Discover the best answers at Westonci.ca, where experts share their insights and knowledge with you. Join our platform to connect with experts ready to provide precise answers to your questions in different areas. Join our platform to connect with experts ready to provide precise answers to your questions in different areas.
Sagot :
Answer:
The 3 numbers are 9, 12, and 15.
Step-by-step explanation:
I will answer in English, below the answer you can see a translation in Catalan.
This can be translated to:
The sum of the squares of three consecutive and multiple natural numbers of 3 is equal to 450. Pose a quadratic equation and calculate the three numbers.

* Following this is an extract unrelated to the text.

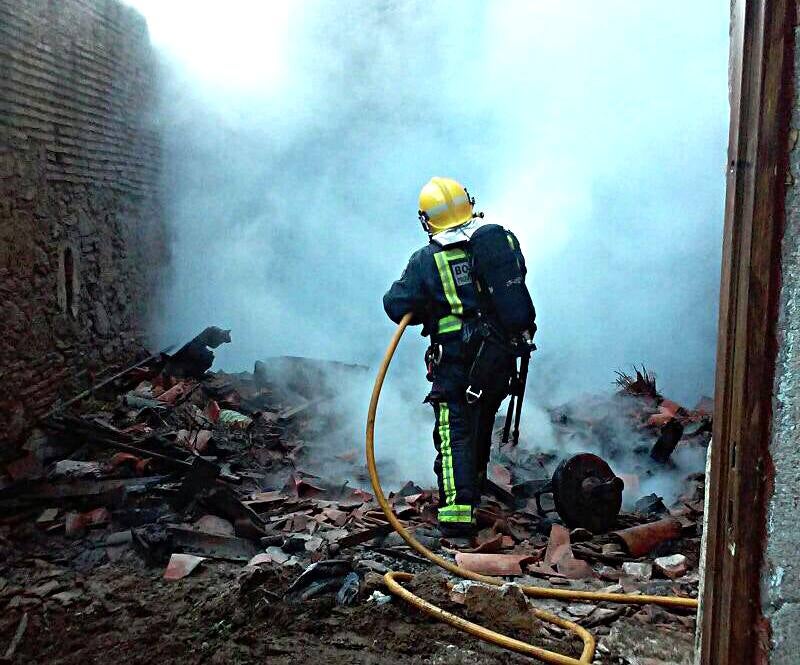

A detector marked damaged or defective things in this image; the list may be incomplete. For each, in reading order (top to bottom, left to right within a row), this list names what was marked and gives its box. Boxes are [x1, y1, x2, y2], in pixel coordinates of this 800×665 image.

rusted metal object [552, 448, 620, 532]
rusted metal object [612, 516, 680, 556]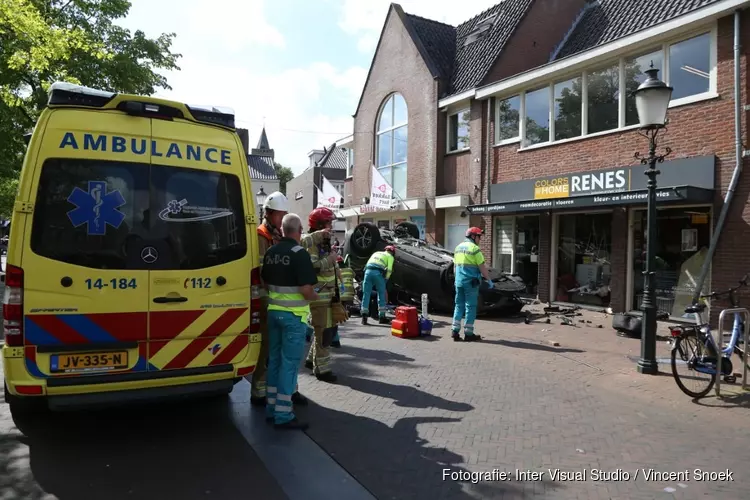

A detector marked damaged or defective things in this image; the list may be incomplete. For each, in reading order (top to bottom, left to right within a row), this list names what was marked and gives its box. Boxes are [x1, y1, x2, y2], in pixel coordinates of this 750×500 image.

First, a multiple of 3 can be written as:
3*n
The consecutive multiple of 3 is:
3*n + 3
The consecutive multiple of 3 is:
3*n + 3 + 3
Then the sum of their squares is:
(3*n)^2 + (3*n + 3)^2 + (3*n + 6)^2
And we know that this is equal to 450, then we need to solve the equation:
(3*n)^2 + (3*n + 3)^2 + (3*n + 6)^2 = 450
let's solve this:
9*n^2 + (9*n^2 + 2*(3*n)*3 + 9) + (9*n^2 + 2*(3*n)*6 + 36) = 450
27*n^2 + 54*n + 45 = 450
we can write this as:
27*n^2 + 54*n + 45 - 450 = 0
27*n^2 + 54*n - 405 = 0
The solutions of this equation are given by the Bhaskara's formula, and the solutions are:
[tex]n = \frac{-54 \pm \sqrt{54^2 -4*27*(-415)} }{2*27} = \frac{-54 \pm 216 }{54}[/tex]
we know that our numbers are naturals, then the numbers are positives, which means that we only care for the positive solution of n, which is:
n = (-54 + 216)/54 = 3
Then the 3 numbers are:
3*n = 3*3 = 9
(3*n + 3) = (3*3 + 3) = 12
(3*n + 6) = (3*3 + 6) = 15
In Catalan:
En primer lloc, es pot escriure un múltiple de 3 com:
3 * n
El múltiple consecutiu de 3 és:
3 * n + 3
El múltiple consecutiu de 3 és:
3 * n + 3 + 3
Llavors, la suma dels seus quadrats és:
(3 * n) ^ 2 + (3 * n + 3) ^ 2 + (3 * n + 6) ^ 2
I sabem que això és igual a 450, llavors hem de resoldre l’equació:
(3 * n) ^ 2 + (3 * n + 3) ^ 2 + (3 * n + 6) ^ 2 = 450
resolem això:
9 * n ^ 2 + (9 * n ^ 2 + 2 * (3 * n) * 3 + 9) + (9 * n ^ 2 + 2 * (3 * n) * 6 + 36) = 450
27 * n ^ 2 + 54 * n + 45 = 450
podem escriure això com:
27 * n ^ 2 + 54 * n + 45 - 450 = 0
27 * n ^ 2 + 54 * n - 405 = 0
Les solucions d’aquesta equació vénen donades per la fórmula de Bhaskara, i les solucions són:
[tex]n = \frac{-54 \pm \sqrt{54^2 -4*27*(-415)} }{2*27} = \frac{-54 \pm 216 }{54}[/tex]
sabem que els nostres nombres són naturals, aleshores els nombres són positius, cosa que significa que només ens importa la solució positiva de n, que és:
n = (-54 + 216) / 54 = 3
Llavors els 3 nombres són:
3 * n = 3 * 3 = 9
(3 * n + 3) = (3 * 3 + 3) = 12
(3 * n + 6) = (3 * 3 + 6) = 15
We hope you found this helpful. Feel free to come back anytime for more accurate answers and updated information. We appreciate your visit. Our platform is always here to offer accurate and reliable answers. Return anytime. Thank you for visiting Westonci.ca. Stay informed by coming back for more detailed answers.